### TASK REQUIREMENTS
Copy every record word for word. Pictures are not part of the copy.
======
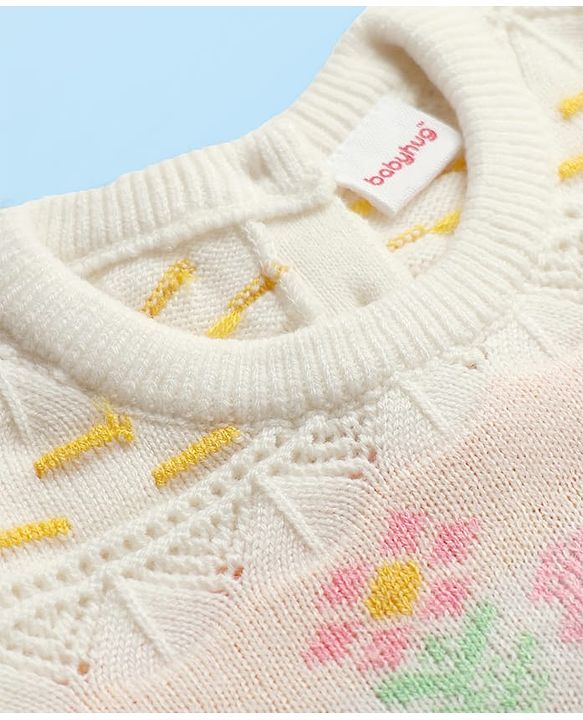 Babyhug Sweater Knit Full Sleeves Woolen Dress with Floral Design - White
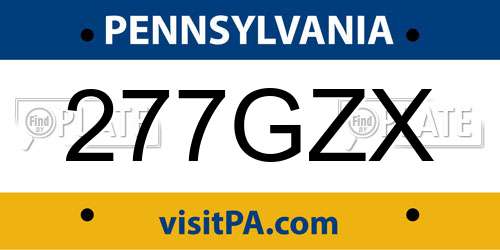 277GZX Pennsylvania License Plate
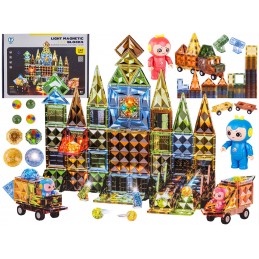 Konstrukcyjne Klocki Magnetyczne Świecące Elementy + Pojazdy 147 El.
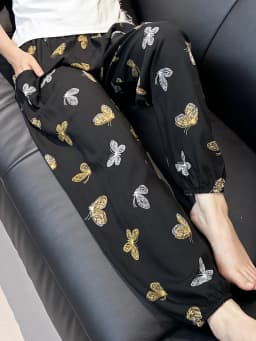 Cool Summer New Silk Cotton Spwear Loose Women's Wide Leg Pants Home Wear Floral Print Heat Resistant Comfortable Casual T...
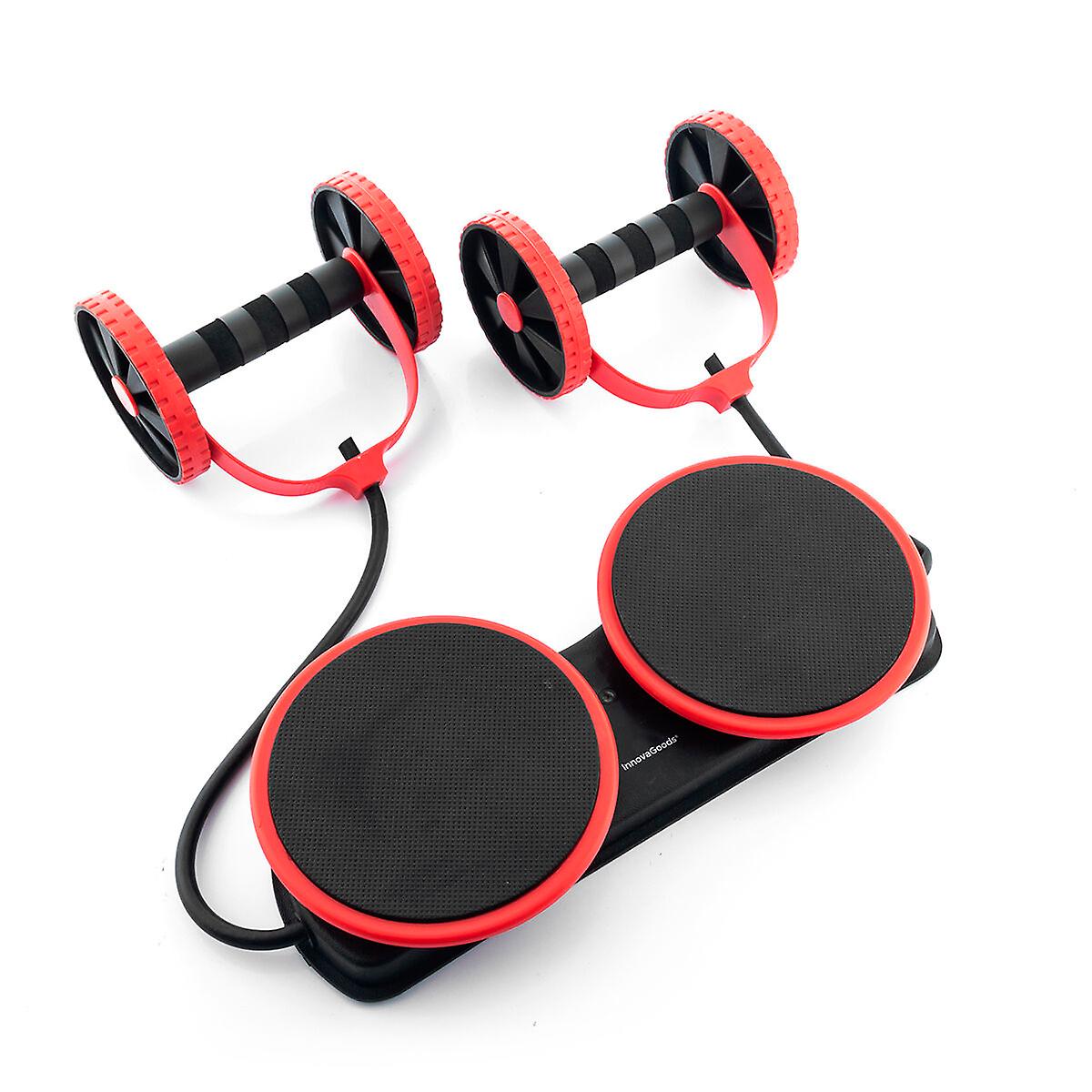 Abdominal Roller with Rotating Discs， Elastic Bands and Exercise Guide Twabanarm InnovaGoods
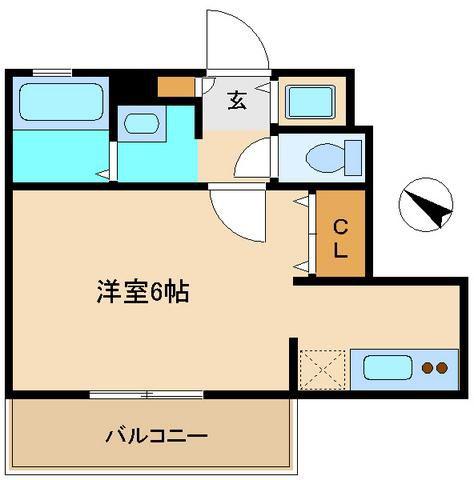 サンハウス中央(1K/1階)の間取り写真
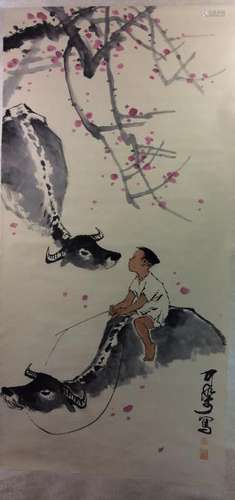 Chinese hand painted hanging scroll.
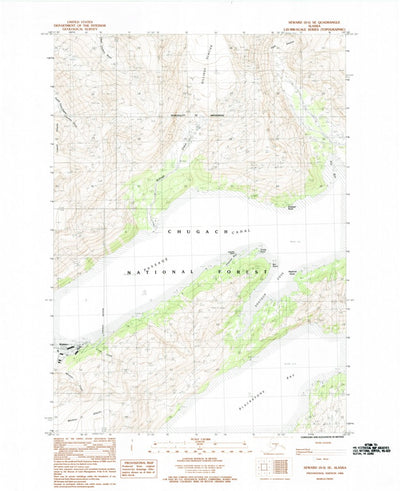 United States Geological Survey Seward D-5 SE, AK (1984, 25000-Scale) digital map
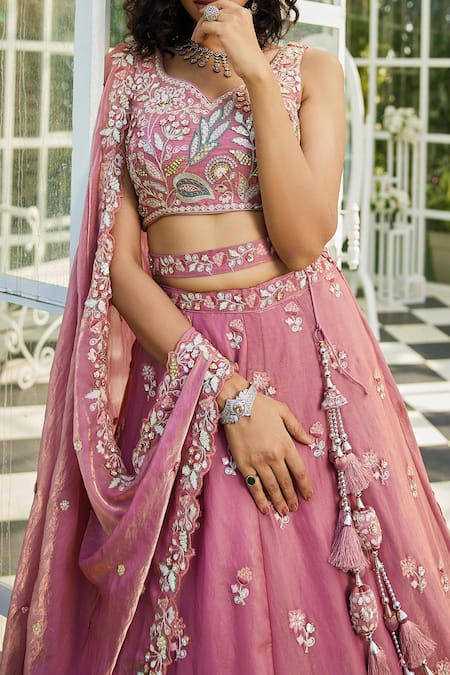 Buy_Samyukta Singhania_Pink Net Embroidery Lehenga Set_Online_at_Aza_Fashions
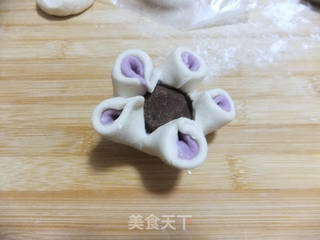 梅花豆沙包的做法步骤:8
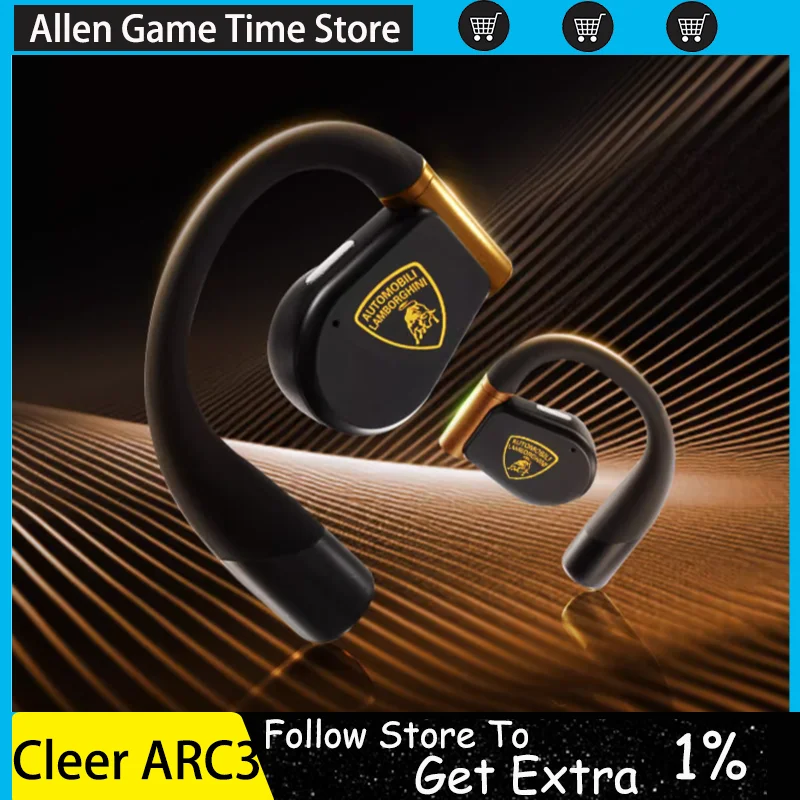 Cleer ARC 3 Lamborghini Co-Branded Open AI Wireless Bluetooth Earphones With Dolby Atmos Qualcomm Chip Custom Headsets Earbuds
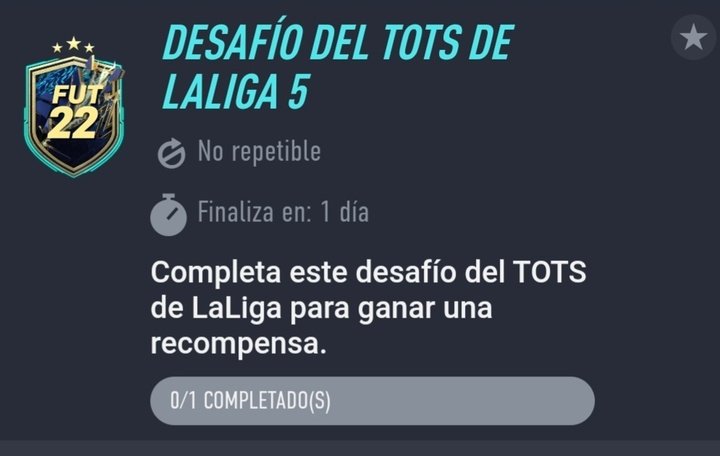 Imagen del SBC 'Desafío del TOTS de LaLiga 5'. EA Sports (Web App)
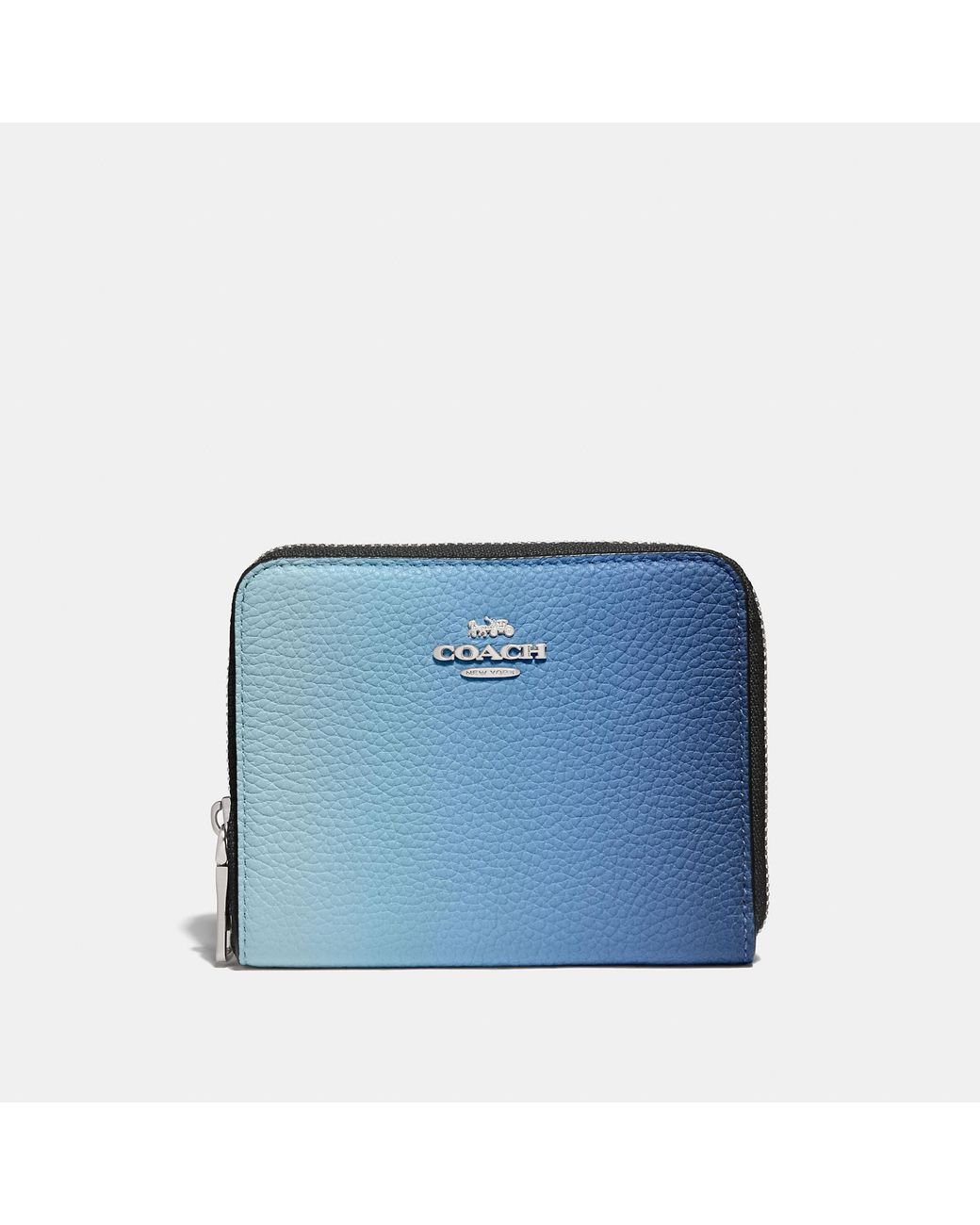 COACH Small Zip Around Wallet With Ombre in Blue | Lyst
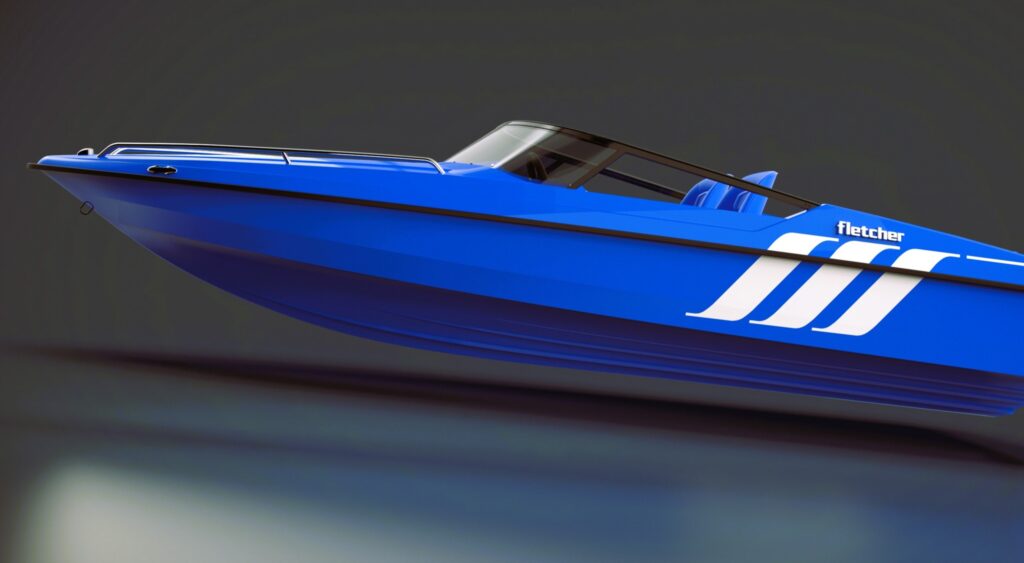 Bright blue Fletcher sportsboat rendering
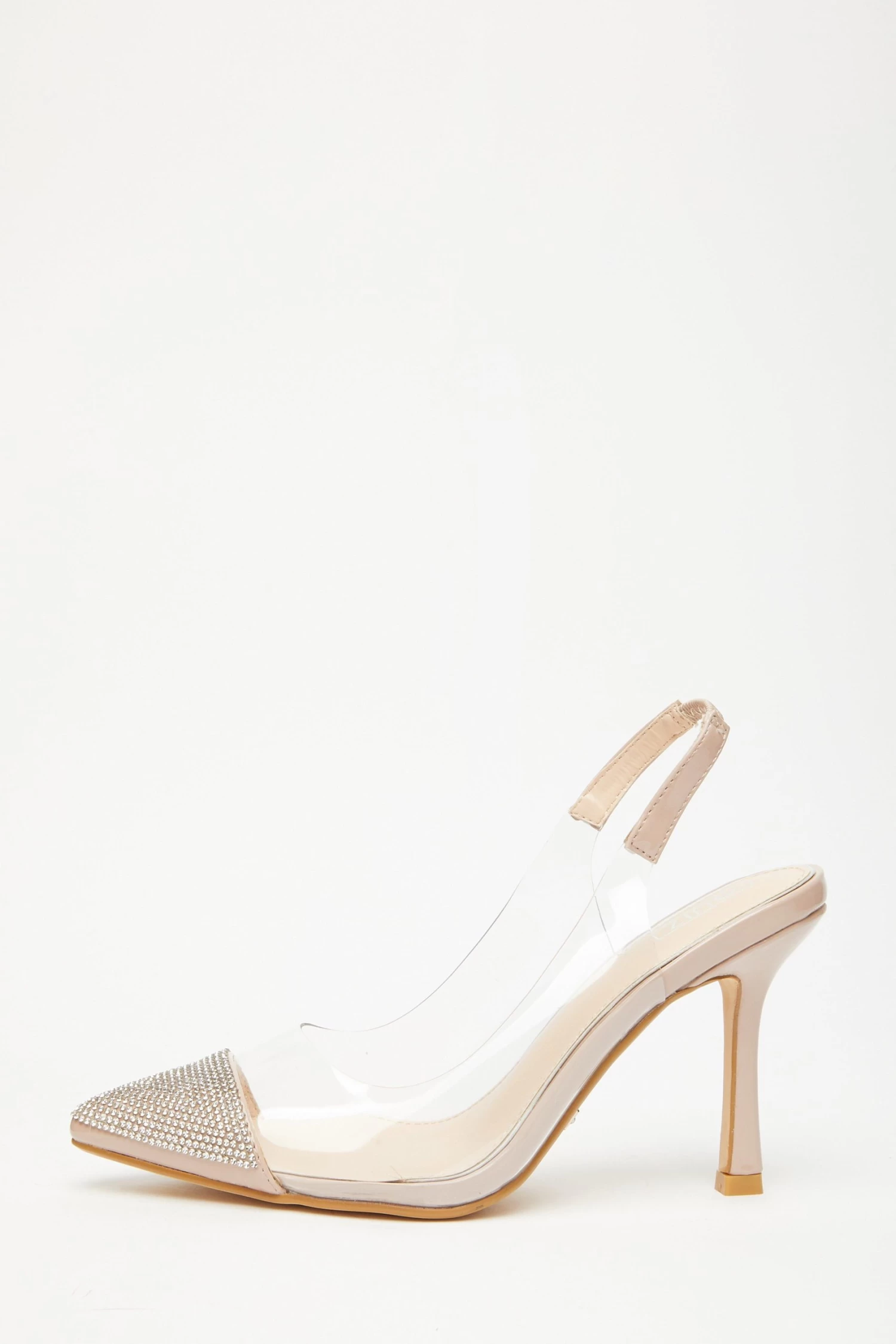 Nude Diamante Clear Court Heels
======
### SOLUTION FOR THIS PROBLEM
 Babyhug Sweater Knit Full Sleeves Woolen Dress with Floral Design - White
 277GZX Pennsylvania License Plate
 Konstrukcyjne Klocki Magnetyczne Świecące Elementy + Pojazdy 147 El.
 Cool Summer New Silk Cotton Spwear Loose Women's Wide Leg Pants Home Wear Floral Print Heat Resistant Comfortable Casual T...
 Abdominal Roller with Rotating Discs， Elastic Bands and Exercise Guide Twabanarm InnovaGoods
 サンハウス中央(1K/1階)の間取り写真
 Chinese hand painted hanging scroll.
 United States Geological Survey Seward D-5 SE, AK (1984, 25000-Scale) digital map
 Buy_Samyukta Singhania_Pink Net Embroidery Lehenga Set_Online_at_Aza_Fashions
 梅花豆沙包的做法步骤:8
 Cleer ARC 3 Lamborghini Co-Branded Open AI Wireless Bluetooth Earphones With Dolby Atmos Qualcomm Chip Custom Headsets Earbuds
 Imagen del SBC 'Desafío del TOTS de LaLiga 5'. EA Sports (Web App)
 COACH Small Zip Around Wallet With Ombre in Blue | Lyst
 Bright blue Fletcher sportsboat rendering
 Nude Diamante Clear Court Heels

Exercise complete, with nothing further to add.